We also want to emphasize the importance of owning our own websites and being aware of the platforms in which our information is housed to ensure that it is always accessible as new technologies emerge rendering previous versions or platforms outdated. By engaging in digital platforms, we must ensure that we are not participating, albeit unintentionally, to the disowning or erasure of our own information. What comes to mind here is an interview by Jamaican reggae artist, Buju Banton, where he speaks about how the changing mediums to house music now means that he must pay a membership fee to access his own music. If he does not pay that fee, he cannot access his artwork. He compares this to earlier forms of vinyl records or compact discs (CDs) that he could physically hold and know that he owned, and that did not require ongoing payment for access. However, many of the current music platforms are profit driven even if it means separating the creator from their artistry. Therefore, continuing to develop free and accessible digital content pushes back against a capitalist system that benefits from us as consumers but is not necessarily concerned with our enlightenment or well-being.

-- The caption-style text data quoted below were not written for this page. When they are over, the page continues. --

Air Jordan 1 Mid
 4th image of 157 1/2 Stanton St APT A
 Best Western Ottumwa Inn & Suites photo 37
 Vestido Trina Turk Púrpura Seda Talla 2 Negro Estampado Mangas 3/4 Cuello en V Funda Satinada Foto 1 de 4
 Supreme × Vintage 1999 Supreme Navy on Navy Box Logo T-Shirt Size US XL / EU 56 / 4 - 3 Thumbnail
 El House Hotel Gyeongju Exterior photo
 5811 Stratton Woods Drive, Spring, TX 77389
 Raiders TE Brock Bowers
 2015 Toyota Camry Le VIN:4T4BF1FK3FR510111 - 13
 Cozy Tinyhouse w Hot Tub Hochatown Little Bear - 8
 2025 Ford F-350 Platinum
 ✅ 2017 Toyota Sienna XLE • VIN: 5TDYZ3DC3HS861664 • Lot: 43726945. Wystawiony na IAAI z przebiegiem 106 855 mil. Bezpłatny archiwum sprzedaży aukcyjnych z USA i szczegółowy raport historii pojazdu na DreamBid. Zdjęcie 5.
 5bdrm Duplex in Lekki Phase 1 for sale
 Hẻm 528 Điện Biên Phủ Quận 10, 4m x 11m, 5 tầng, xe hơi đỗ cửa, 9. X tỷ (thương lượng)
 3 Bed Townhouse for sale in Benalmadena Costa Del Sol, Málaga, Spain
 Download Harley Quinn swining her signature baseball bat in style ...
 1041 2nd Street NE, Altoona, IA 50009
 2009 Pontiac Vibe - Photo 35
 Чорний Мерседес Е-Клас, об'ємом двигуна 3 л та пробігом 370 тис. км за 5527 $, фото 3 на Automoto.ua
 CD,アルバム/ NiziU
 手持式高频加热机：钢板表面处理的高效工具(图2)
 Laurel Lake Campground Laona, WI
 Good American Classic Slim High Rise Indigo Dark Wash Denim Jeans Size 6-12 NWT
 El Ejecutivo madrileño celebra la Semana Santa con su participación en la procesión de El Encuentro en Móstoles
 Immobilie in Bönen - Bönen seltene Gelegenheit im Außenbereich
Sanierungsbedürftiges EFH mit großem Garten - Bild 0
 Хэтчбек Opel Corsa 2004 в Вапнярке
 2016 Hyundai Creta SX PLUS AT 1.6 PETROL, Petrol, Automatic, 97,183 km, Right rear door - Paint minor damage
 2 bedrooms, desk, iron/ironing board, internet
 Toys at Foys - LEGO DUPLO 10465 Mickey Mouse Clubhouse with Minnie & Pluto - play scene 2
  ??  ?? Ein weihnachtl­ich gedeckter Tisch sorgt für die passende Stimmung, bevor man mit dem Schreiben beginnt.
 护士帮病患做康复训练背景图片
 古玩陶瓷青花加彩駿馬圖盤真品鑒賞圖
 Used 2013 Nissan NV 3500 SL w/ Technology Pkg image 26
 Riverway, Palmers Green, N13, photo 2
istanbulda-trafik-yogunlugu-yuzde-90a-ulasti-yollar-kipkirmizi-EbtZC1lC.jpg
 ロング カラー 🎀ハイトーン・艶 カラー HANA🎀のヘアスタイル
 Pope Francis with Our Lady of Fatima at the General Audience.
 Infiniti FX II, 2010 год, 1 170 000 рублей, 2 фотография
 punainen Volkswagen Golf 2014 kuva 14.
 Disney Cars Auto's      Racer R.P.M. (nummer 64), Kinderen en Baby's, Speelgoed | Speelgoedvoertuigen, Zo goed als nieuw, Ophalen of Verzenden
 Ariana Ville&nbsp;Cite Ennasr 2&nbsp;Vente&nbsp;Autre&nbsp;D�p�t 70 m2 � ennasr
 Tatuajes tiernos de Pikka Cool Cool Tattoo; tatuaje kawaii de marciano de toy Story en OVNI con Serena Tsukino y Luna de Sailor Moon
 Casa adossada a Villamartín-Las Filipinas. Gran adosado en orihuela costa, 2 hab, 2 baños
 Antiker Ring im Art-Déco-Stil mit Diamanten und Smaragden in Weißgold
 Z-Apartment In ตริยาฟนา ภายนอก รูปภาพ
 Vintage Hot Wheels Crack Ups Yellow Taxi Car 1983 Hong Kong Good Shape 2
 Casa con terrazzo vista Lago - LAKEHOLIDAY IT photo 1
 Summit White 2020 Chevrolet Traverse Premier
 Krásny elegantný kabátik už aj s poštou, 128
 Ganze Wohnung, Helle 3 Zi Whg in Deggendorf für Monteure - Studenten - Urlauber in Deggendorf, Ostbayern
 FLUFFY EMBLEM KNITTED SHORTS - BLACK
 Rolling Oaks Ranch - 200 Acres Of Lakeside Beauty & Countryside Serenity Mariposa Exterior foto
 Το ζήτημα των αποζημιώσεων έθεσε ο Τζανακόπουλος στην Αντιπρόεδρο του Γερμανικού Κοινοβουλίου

New Beginnings: Evaluate your Movement, Create Space

We have often mused that the Black community in Hamilton can be loosely organized into two overarching groups when addressing systemic oppression and inequities experienced in the city: namely the Martin Luthur King Jr. camp and the Malcolm X camp (with community members also falling somewhere on an invisible continuum between the two). We don’t believe that this make-up is necessarily unique to Hamilton because the naming alone refers to two important civil rights leaders in the United States of America. However, the reference to these two historical figures speaks to the differing, yet connected, approaches to the liberation of Black communities that tends to play out in various geographical locations and time periods – from our vantage point as Black people and residents of Hamilton, we consider the city to be one such area.

Given the similarities in challenges and tensions that continue to arise for each generation, we think it is a useful exercise to provide our reflections on how these differing schools of thought have impacted our community organizing locally. Our intention here is not to oversimplify the complexities and convergences of these two historical figures, but rather to provide a reference point that can foreground the tensions we have experienced – ones that we believe will continue to occur in various capacities. With our discussion here, we hope to minimize the possibilities of future divisions and strengthen the resolve of burgeoning movements locally.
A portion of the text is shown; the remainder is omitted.